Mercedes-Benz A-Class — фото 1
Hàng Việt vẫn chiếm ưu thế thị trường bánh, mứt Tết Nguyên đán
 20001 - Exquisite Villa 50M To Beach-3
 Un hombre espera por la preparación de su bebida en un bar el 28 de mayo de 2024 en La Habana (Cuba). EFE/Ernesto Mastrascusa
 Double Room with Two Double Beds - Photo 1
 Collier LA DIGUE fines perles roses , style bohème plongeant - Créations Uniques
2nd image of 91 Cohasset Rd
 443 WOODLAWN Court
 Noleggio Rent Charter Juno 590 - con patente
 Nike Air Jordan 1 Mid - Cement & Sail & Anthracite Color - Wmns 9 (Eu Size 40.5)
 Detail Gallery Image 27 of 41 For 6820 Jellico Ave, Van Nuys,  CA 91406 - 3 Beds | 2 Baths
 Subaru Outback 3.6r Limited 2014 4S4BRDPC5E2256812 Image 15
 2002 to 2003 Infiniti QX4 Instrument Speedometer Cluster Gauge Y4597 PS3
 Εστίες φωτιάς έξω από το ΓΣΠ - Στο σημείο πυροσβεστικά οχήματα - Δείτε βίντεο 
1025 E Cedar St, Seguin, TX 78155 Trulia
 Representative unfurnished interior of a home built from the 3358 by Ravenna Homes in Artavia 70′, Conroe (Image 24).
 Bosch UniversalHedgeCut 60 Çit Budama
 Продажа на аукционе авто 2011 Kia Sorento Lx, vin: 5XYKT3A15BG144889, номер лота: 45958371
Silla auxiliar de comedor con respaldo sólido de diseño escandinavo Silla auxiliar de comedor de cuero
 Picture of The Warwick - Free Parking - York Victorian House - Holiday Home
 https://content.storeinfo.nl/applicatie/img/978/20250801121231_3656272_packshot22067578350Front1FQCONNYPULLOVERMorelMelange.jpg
* * * *
- **Aim of the exercise**: The answer is every entry, repeated word for word.

- **Answer to this task**:
Mercedes-Benz A-Class — фото 1
Hàng Việt vẫn chiếm ưu thế thị trường bánh, mứt Tết Nguyên đán
 20001 - Exquisite Villa 50M To Beach-3
 Un hombre espera por la preparación de su bebida en un bar el 28 de mayo de 2024 en La Habana (Cuba). EFE/Ernesto Mastrascusa
 Double Room with Two Double Beds - Photo 1
 Collier LA DIGUE fines perles roses , style bohème plongeant - Créations Uniques
2nd image of 91 Cohasset Rd
 443 WOODLAWN Court
 Noleggio Rent Charter Juno 590 - con patente
 Nike Air Jordan 1 Mid - Cement & Sail & Anthracite Color - Wmns 9 (Eu Size 40.5)
 Detail Gallery Image 27 of 41 For 6820 Jellico Ave, Van Nuys,  CA 91406 - 3 Beds | 2 Baths
 Subaru Outback 3.6r Limited 2014 4S4BRDPC5E2256812 Image 15
 2002 to 2003 Infiniti QX4 Instrument Speedometer Cluster Gauge Y4597 PS3
 Εστίες φωτιάς έξω από το ΓΣΠ - Στο σημείο πυροσβεστικά οχήματα - Δείτε βίντεο 
1025 E Cedar St, Seguin, TX 78155 Trulia
 Representative unfurnished interior of a home built from the 3358 by Ravenna Homes in Artavia 70′, Conroe (Image 24).
 Bosch UniversalHedgeCut 60 Çit Budama
 Продажа на аукционе авто 2011 Kia Sorento Lx, vin: 5XYKT3A15BG144889, номер лота: 45958371
Silla auxiliar de comedor con respaldo sólido de diseño escandinavo Silla auxiliar de comedor de cuero
 Picture of The Warwick - Free Parking - York Victorian House - Holiday Home
 https://content.storeinfo.nl/applicatie/img/978/20250801121231_3656272_packshot22067578350Front1FQCONNYPULLOVERMorelMelange.jpg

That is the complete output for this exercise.